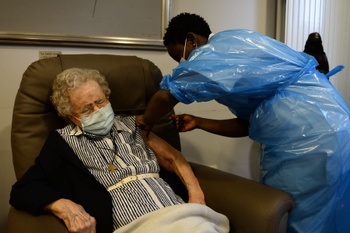 Het eerste Brusselse coronaprikje was voor zuster Lucie Danjou, met 101 jaar de oudste bewoonster van het rusthuis Notre-Dame.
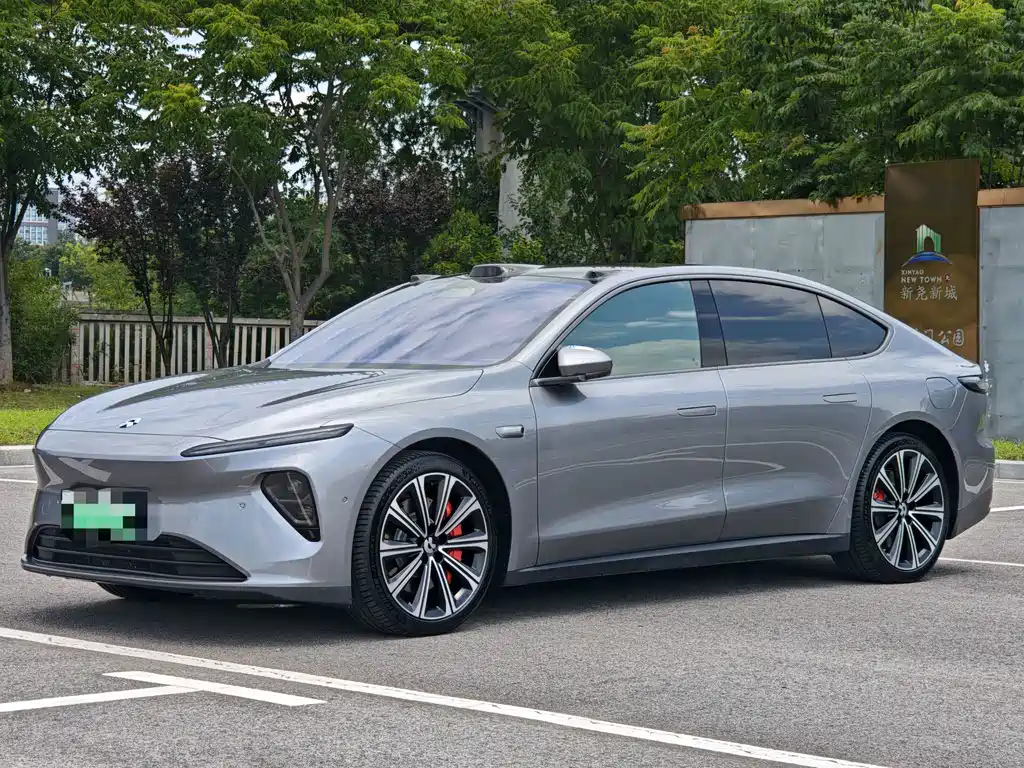 NIO ET7 2025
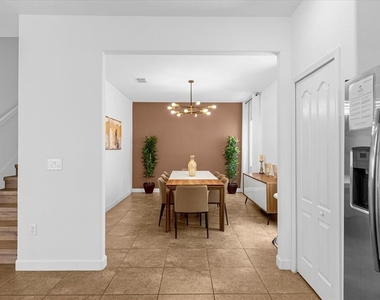 1483 Rolling Fairway Drive - Photo Thumbnail 7
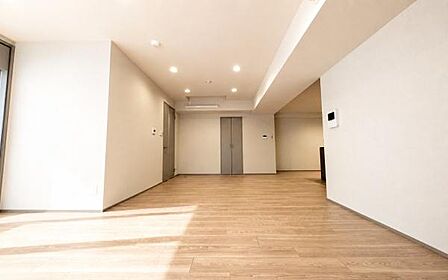 《リビングダイニング》 ■凛とした白の静寂に満ちた、上質なリビング空間。窓から差し込む自然光がフロア全体を柔らかく包み込み、開放感あふれるこの場所は、日々の暮らしに心地よいリズムをもたらします。
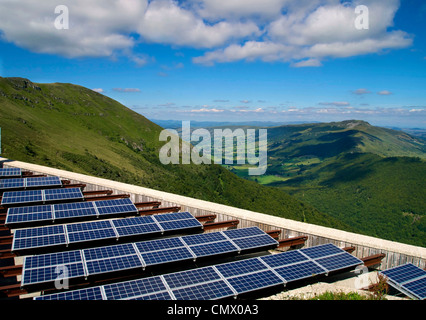 Solarparks mit Sonnenkollektoren array in ländlichen Cantal, Auvergne, Frankreich, Europa Stockfoto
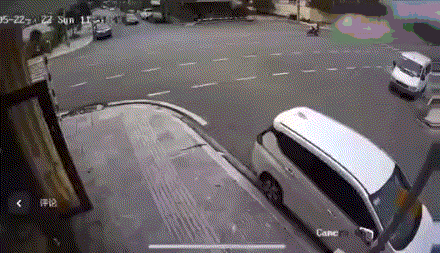 爆笑的GIF:想逃却逃不掉!哈哈哈!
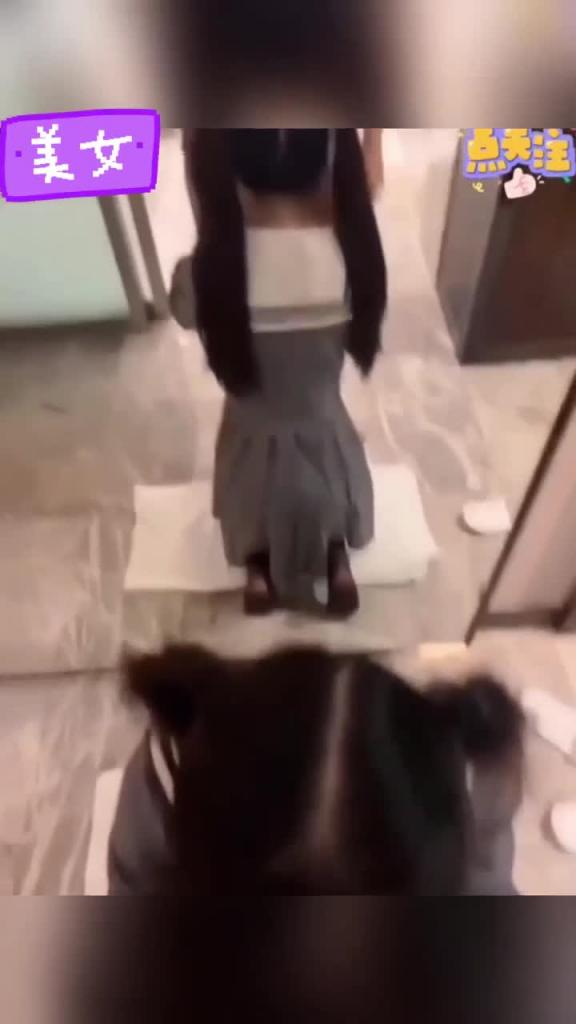 【极品骚货】顶级双马尾萝莉边口边狗叫,没草就开始发情 预览截图 1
◇ ◇ ◇ ◇ ◇ ◇ ◇
### [PROBLEM TO WORK ON]
Retype all the data exactly. Omit pictures.

### [PROBLEM SOLUTION]
 Het eerste Brusselse coronaprikje was voor zuster Lucie Danjou, met 101 jaar de oudste bewoonster van het rusthuis Notre-Dame.
 NIO ET7 2025
 1483 Rolling Fairway Drive - Photo Thumbnail 7
 《リビングダイニング》 ■凛とした白の静寂に満ちた、上質なリビング空間。窓から差し込む自然光がフロア全体を柔らかく包み込み、開放感あふれるこの場所は、日々の暮らしに心地よいリズムをもたらします。
 Solarparks mit Sonnenkollektoren array in ländlichen Cantal, Auvergne, Frankreich, Europa Stockfoto
 爆笑的GIF:想逃却逃不掉!哈哈哈!
 【极品骚货】顶级双马尾萝莉边口边狗叫,没草就开始发情 预览截图 1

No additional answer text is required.